Alternatively, my original implementation of DQN + Transformer/MLP (the one used in the paper) is available in this colab.

[erfun77]

Indeed, this reward plot is not very good, it's surprising that reward does not improve at all throughout training.

Thanks for your comprehensive and kind response, Edouard!

It is true that the MlpPolicy is not best suited for this task and I had better results with a Transformer model, but in our paper we could still see some progress happening when training with an MlpPolicy and KinematicsObservation (see paper Figure 4, total reward increases from 2.1 to 3.8).

So I'm not sure what is going on exactly. Maybe it would be worth investigating with simpler domains and progressively increasing difficulty: e.g. remove all other vehicles at first, does the vehicle learn to always drive at maximum speed? Then add a single vehicle (always with the same initial position and velocity), does the vehicle learn to avoid it? If everything is fine so far, and learning only fails when scaling to the full scene with random vehicles at random positions/speeds, then its probably a problem of representation / policy architecture. But if the algorithm struggles even in these simpler scenarios, there is probably something wrong in the environment definition or learning algorithm.

One problem is, I can't remove other vehicles, I mean even when I change "initial_vehicles_count" to 1 or 0, still there are other cars! One trick was make their speed zero, but at the end I need to modify their numbers. Is there any other part in the code that I should change it? Actually I think it's maybe related to "spawn_probability" as well.

Observation and reward are normalized in both of them. "features": ['presence', 'x', 'y', 'vx', 'vy'] are for both of them. Do you think adding heading angle for intersection could be more important?

The config that I used is this one. So yes, I did include heading angles. I think they are relevant because it helps understanding if a vehicle is starting to turn, and in turn whether or not their path is going to cross yours. See Figure 7 in the paper, which showed high sensitivity of the trained policy to the heading angle. Of course, part of this information is already included in the vx/vy velocity (except when it is close to 0), but it doesn't harm to include it additionally.

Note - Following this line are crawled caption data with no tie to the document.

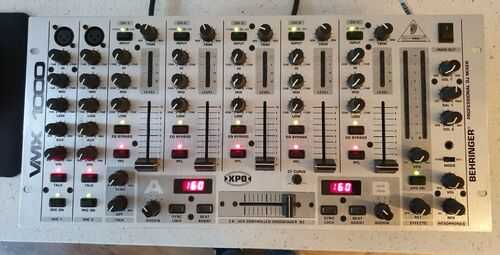 Behringer pro mixer vmx1000.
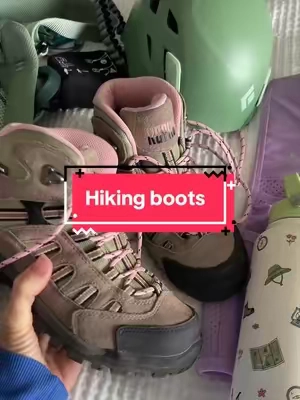 #hikingboots #gorpcore #backtoschoolshopping #tiktokshopsummersale #tiktokshoplabordaysale 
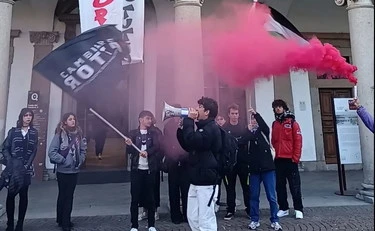 https://media.liberoquotidiano.it/gUO5ewVDszF779-KcGRYwHLGlNL6KCfVhqzh8bzwK_4/width:800/quality:90/aW1hZ2VzLzIwMjUvMTAvMDIvMDgzNzQ2OTA1LWNlYWVhMmQzLWIwODctNDJmZi1iZWE3LWUxNTNiZDVlZDU1ZC5qcGc.webp
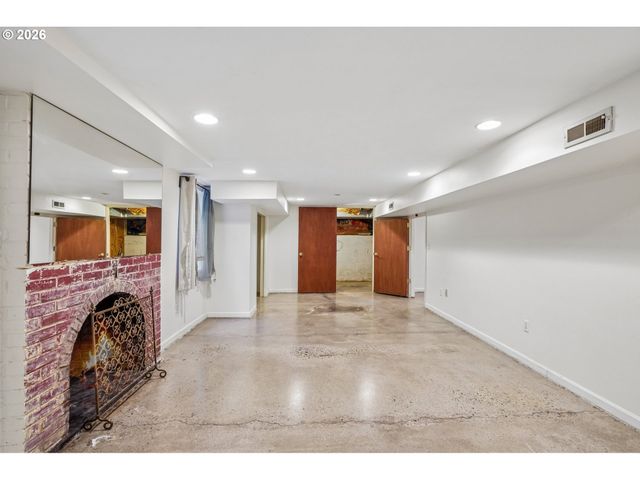 725 N FARRAGUT St, Portland, OR 97217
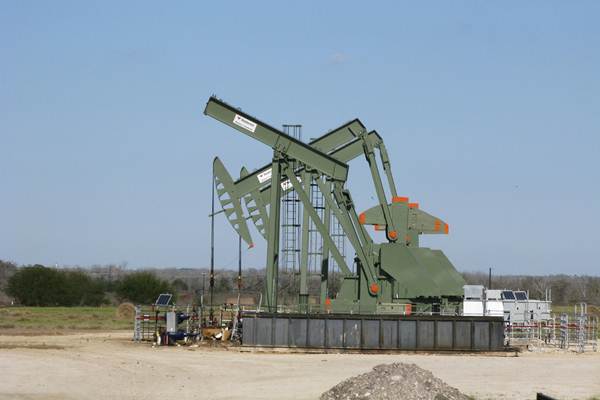 Sebuah soket pompa yang pernah digunakan untuk membantu mengangkat minyak mentah dari sumur Eagle Ford Shale, Dewitt County, Texas, Amerika Serikat. - Reuters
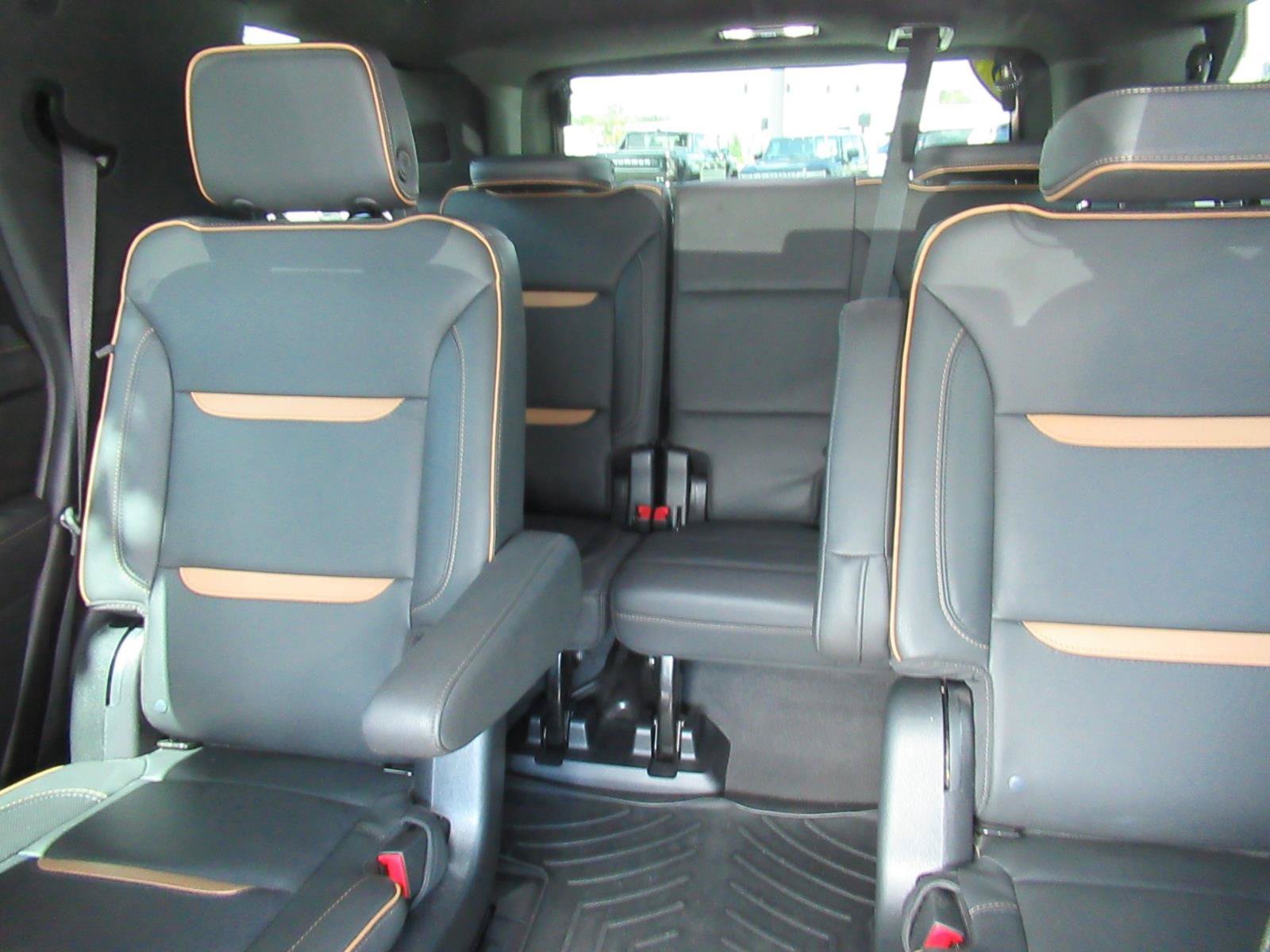 Used 2023 GMC Yukon AT4 w/ AT4 Premium Plus Package AWD/4WD image 36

I also used absolute coordinates for intersection (but not for highway), is that your case too?

yes, I did that too.

In your paper you've used transformers, but I don't know how to implement it.

You can take inspiration from this script where I implemented the custom transformer policy, to be used with PPO and the highway env, but this can be ported to DQN and the intersection env.

Alternatively, my original implementation of DQN + Transformer/MLP (the one used in the paper) is available in this colab.

And I guess there is a mistake in the Testing part of this notebook. Instead of evaluation.train(), I guess it should be evaluation.test(), and also in "evaluation = Evaluation(env, agent, num_episodes=20, training = False, recover = True, display_agent=False)" we should put "recover = True" to use the latest model.

[eleurent]

One problem is, I can't remove other vehicles, I mean even when I change "initial_vehicles_count" to 1 or 0, still there are other cars! One trick was make their speed zero, but at the end I need to modify their numbers. Is there any other part in the code that I should change it? Actually I think it's maybe related to "spawn_probability" as well.

Setting spawn_probability to 0 should help yes, but if it's not enough you should just edit intersection_env.py and comment out the content of spawn_vehicles() and most of make_vehicles() (except ego-vehicle and goal creation)

And I guess there is a mistake in the Testing part of this notebook. Instead of evaluation.train(), I guess it should be evaluation.test(), and also in "evaluation = Evaluation(env, agent, num_episodes=20, training = False, recover = True, display_agent=False)" we should put "recover = True" to use the latest model.

You're right! I wonder how I missed that... I'll fix it, thanks for the feedback.